Isabel Ruiz: el sueño y la resistencia


Javier Payeras_ Perfil Casi literal_No encuentro entre mis archivos la entrevista que le hice a Isabel Ruiz en 1999 y que se publicó en un suplemento dominical de un periódico extinto.

Aquella tarde en su casa fue muy divertida. Entre historia e historia nos tomamos tres botellas de vino. Ella, sentada en el sofá, al fondo un cuadro de azules intensos. ¿Río Negro? Su pelo corto, sus lentes amplios, un chaleco de lana azul. Su voz y su forma ilimitada de reírse de mis chistes barriobajeros. Tanto quise a Isabel Ruiz, tanto la quiero. Aquella tarde no llevé grabadora, me dediqué a tomar notas. Esa pequeña libreta de pasta amarilla sí que la conservo, fue un 2 de junio y mis apuntes consisten en una lista de términos como caseína, azul cobalto, pavorreal, yesca; o nombres: Francisco Toledo, Joseph Beuys, Julio Cortázar, Néstor García Canclini…

Seguramente cada enunciado me sirvió como una serie de puntos a hilar de un extremo a otro. El texto salió impreso como una galaxia hecha con sus ideas. Acaso porque su pensamiento lo articulaba a relámpagos y no seguía ninguna linealidad dejó su expresión abierta al asombro o a los senderos creativos que todavía no hemos explorado.

La obra de Isabel Ruiz inicia con una mancha. Un punto rojo que gradualmente se va expandiendo. Una gota de sangre que crece sobre un algodón empapado de alcohol cubriendo una herida. La forma escandalosa y desproporcionada del sonido en el color. Algo que avanza rápidamente como si fuera un papel incendiándose. Cada imagen que nos dejó es el resultado de esa gota de sangre que absorbe el vacío. En tal accidente del barroco surgen rostros o sombras, manierismos y palabras o números como un sumatorio total de nombres desaparecidos o vigentes.

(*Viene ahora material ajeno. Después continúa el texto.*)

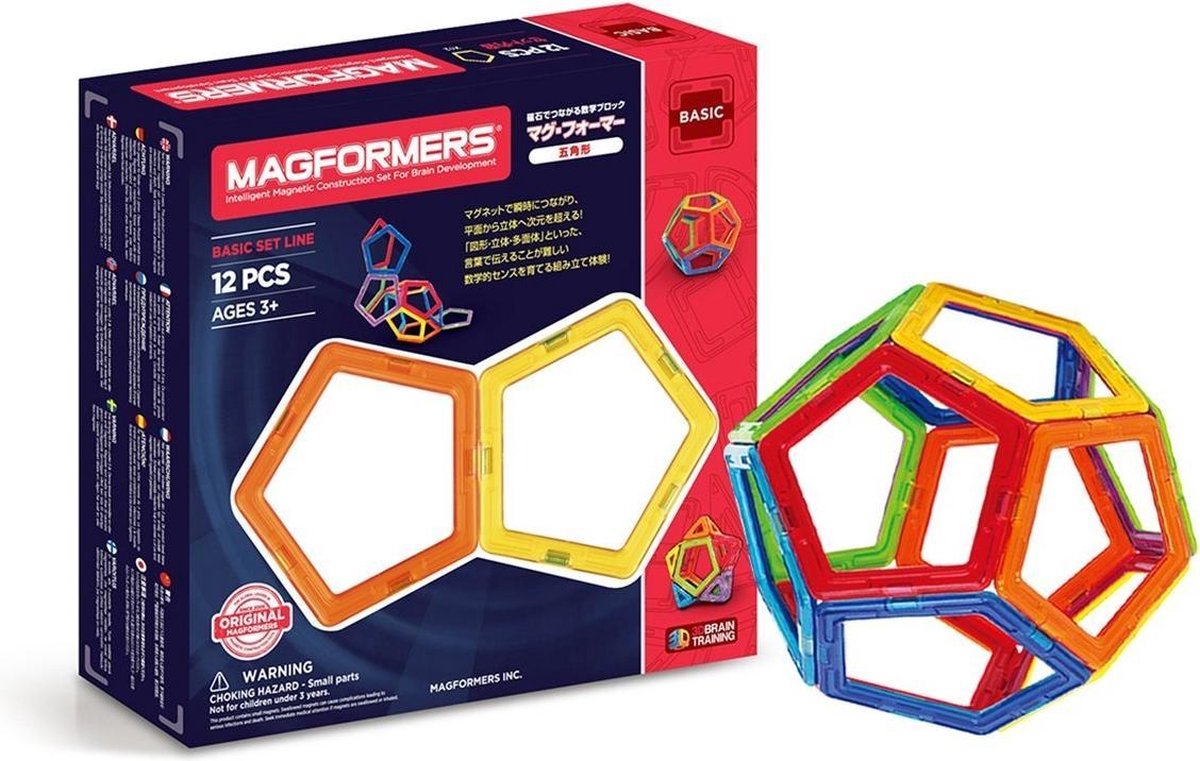 Asmodee Magformers Standard Set Line 12 Onderdelen Magnetische Bouwset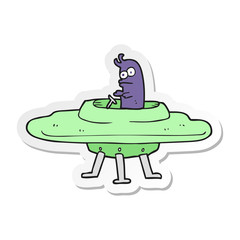 sticker of a cartoon flying saucer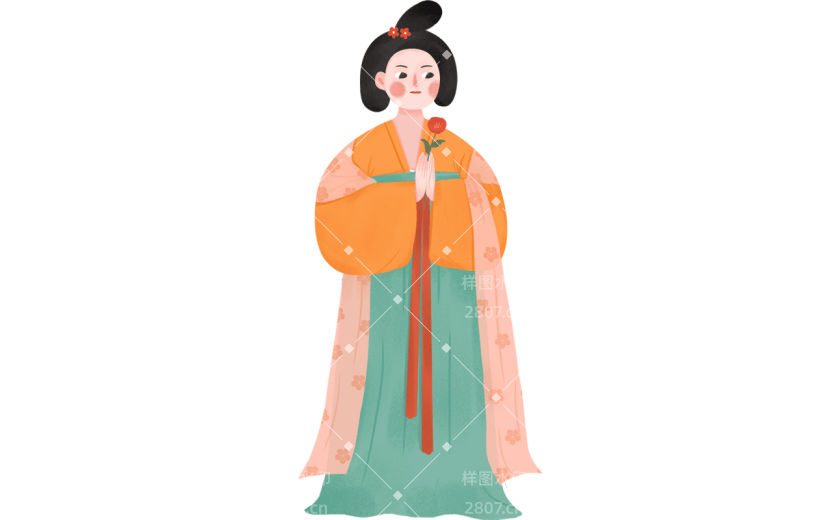 手绘古代美人服饰插画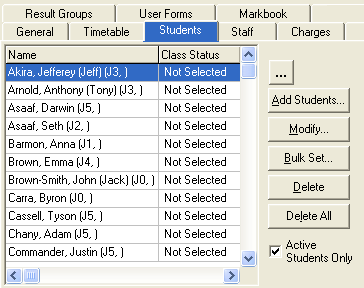 Class Maintenance - Students tab (cut down)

Ninguna forma está quieta porque refleja con exactitud el ritmo de sus ideas. Su introspección no es silenciosa, sino plena de ruidos constantes y premoniciones. Nació con los ojos abiertos. Comprendió demasiado bien ese paisaje árido que representa la vida en estos confines espirituales de América, una pequeña miga entre el sur y el norte. Guatemala, patria corta y angosta de cuyos males e injusticias dan testimonio gruesos informes de memoria histórica o páginas empastadas y cuidadosamente resguardadas en la Hemeroteca Nacional. Las formas irracionales que se derraman hasta salirse de los marcos son las huellas dactilares de su curiosidad por la vida sobreviviente, eso que se sobrepone a través de la fuerza o de la voluntad, del sueño y su resistencia, de la naturaleza con su dolor y su belleza, pues ambas cosas crecen al mismo tiempo en la conciencia de los seres vivos.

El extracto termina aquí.